An Auckland taxi driver who tested positive for Covid-19 may have been infectious while transporting essential workers in lockdown.
By Rebecca Moore and Alan Kenyon
The driver, who is now in managed isolation with his family, does not know how he contracted the virus.
Co-op Taxis Auckland operations manager Shaun Williams on Monday told 1News he was made aware of the positive case on Thursday, September 30. He said the company was contacted by both Auckland Regional Public Health and the driver himself that day.
The news comes after the Blue Bubble Taxi driver worked on the night's of Friday 24 September and Saturday 25 September, up until about 11pm. Then Sunday was his normal day off.
"He felt fine on Sunday, he woke up Monday, he said, he sort of had a bit of a sore throat so he took the day off. Tuesday, same thing, still feeling unwell so he took the day off then went and got a test done later that day and stayed off duty until the result came back which was unfortunately positive on Thursday," Williams said.

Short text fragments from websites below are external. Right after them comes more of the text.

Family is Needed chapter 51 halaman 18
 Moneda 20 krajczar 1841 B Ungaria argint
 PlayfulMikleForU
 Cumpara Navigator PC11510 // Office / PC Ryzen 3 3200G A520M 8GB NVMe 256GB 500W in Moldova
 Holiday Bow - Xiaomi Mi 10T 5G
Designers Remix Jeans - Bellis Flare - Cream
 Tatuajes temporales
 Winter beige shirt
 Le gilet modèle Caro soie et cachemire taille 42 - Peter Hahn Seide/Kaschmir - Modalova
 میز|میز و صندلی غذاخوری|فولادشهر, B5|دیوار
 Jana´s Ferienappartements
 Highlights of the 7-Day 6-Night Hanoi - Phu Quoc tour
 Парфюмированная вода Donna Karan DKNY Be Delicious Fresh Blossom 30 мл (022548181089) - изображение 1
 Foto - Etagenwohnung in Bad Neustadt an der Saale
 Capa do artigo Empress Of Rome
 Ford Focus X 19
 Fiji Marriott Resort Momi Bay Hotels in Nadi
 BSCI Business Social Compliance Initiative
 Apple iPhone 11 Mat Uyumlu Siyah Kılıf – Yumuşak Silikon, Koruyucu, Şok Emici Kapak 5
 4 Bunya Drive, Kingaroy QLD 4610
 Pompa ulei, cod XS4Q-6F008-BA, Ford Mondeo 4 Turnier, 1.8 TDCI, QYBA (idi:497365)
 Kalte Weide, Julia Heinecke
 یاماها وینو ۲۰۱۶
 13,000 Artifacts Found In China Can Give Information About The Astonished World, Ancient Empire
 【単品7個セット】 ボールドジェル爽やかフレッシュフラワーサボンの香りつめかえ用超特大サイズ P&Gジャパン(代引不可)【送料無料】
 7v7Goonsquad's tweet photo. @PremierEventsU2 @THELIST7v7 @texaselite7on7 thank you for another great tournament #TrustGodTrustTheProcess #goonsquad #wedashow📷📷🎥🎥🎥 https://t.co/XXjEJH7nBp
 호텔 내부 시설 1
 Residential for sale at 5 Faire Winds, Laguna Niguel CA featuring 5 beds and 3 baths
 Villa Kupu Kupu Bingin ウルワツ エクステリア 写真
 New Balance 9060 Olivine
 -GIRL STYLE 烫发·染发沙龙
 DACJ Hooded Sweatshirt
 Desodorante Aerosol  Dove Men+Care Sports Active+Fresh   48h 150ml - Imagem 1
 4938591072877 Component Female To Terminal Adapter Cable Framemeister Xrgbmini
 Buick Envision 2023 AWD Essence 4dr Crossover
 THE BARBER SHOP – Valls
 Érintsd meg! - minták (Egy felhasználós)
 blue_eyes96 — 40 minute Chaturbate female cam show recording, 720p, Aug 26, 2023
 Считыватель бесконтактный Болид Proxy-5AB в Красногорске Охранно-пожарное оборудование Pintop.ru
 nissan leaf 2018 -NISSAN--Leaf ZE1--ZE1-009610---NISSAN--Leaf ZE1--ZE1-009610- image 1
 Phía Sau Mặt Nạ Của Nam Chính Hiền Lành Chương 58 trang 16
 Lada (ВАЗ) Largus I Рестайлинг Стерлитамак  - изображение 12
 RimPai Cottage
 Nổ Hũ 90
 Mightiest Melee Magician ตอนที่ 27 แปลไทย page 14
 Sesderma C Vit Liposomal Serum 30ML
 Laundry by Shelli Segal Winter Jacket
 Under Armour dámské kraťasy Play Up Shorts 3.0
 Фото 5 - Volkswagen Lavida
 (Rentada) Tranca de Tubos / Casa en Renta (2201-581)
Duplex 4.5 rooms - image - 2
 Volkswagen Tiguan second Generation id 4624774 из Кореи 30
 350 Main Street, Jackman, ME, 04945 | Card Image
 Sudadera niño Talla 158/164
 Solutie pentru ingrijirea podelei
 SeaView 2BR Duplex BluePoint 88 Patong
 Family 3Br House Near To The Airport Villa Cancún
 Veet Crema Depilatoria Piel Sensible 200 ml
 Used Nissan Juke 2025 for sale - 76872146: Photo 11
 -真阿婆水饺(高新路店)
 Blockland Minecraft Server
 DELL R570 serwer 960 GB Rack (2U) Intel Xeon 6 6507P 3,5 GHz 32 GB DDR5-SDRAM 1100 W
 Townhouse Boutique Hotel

"Whilst he was sick he stayed off."
Williams also said the driver had done everything right - he had had his first dose of the Covid-19 vaccine and was booked in to get his second dose on Wednesday October 6. He also wore a mask while driving, cleaned the car after each trip and did not have contact with any other driver.
But Williams said Auckland Regional Public Health believe he may have been infectious the Friday and Saturday night he last worked.
"The vehicles all have their own QR codes anyway so they'd already pulled all that information, but we provided them the jobs from our system as well just to make sure that we did capture them all because you're not guaranteed, everyone has scanned though so it's right there, and you tell them to and also some people don't have smartphones."
He said they provided all the jobs for those two days, then after a further request, they provided details for trips prior to those two days to try and locate the point of infection to the driver.
"I believe at this stage it's still a little bit of a mystery as to where he's got it from, he hasn't been in contact with any close contacts or anything like that so they're trying to work through, trying to figure out where that's come from.
"It's unfortunate he doesn't know where he's got it from but he's done really well with his response to it and I believe there's no risk to any of our fleet because he has not interacted with any other driver, our office is closed and everything has been done via phone as well so there's no chance of interacting with the staff or anything."
Williams said when he last spoke with the driver, his family, who are also in MIQ, were getting tested but he hasn't heard back if about the outcome of their test results. He plans to touch base with the driver later on Monday.
When asked how the driver was doing, Williams said he was "surprisingly well" both physically and mentally.
"He said he's just fine, he's got a bit of a sore throat but he did really well to still take the day off an go and get tested the following day when it was still there, but he said reading what some people get he's got it very mildly so he's been in really good spirits."
It's hoped the effects of his mild infection have been alleviated by having one dose of the Pfizer jab.
Williams said of the company's 900-strong fleet, 400 people were vaccinated.
"As a percentage it doesn't look that high but last week I had a look at those who are operational, sort of working at the moment, because of Covid quite a lot of guys have opted to take the period off, so we have around, I think it was just under 300 drivers working - this is just a snapshot in a day last week - and over 90 per cent of those who were on the road were fully vaccinated."
He added that when booking a taxi, people had the option to request a vaccinated driver at no extra cost.
But Williams said the company had written to Covid-19 Response Minister Chris Hipkins in March, with no response, then again in July, to ask for taxi drivers to be in an earlier group to get vaccinated, but in July they got denied.
Hipkins said today that border workers and those working in health and emergency, and their families and housemates, were prioritised earlier in the rollout.
Taxi and ride share drivers were included when there was an expansion of the prioritised essential worker groups in August and September.
"This meant they could be given priority for vaccination appointments if they hadn’t already been vaccinated."
When contacted for more information about the taxi driver, a Ministry of Health spokesperson told 1News: "For privacy reasons, wherever possible, the Ministry of Health does not comment on individual cases or situations unless there are compelling public health reasons to do so.
"Confirmed cases of Covid-19 are announced at 1pm each day, unless there is a pressing public health need to do so earlier."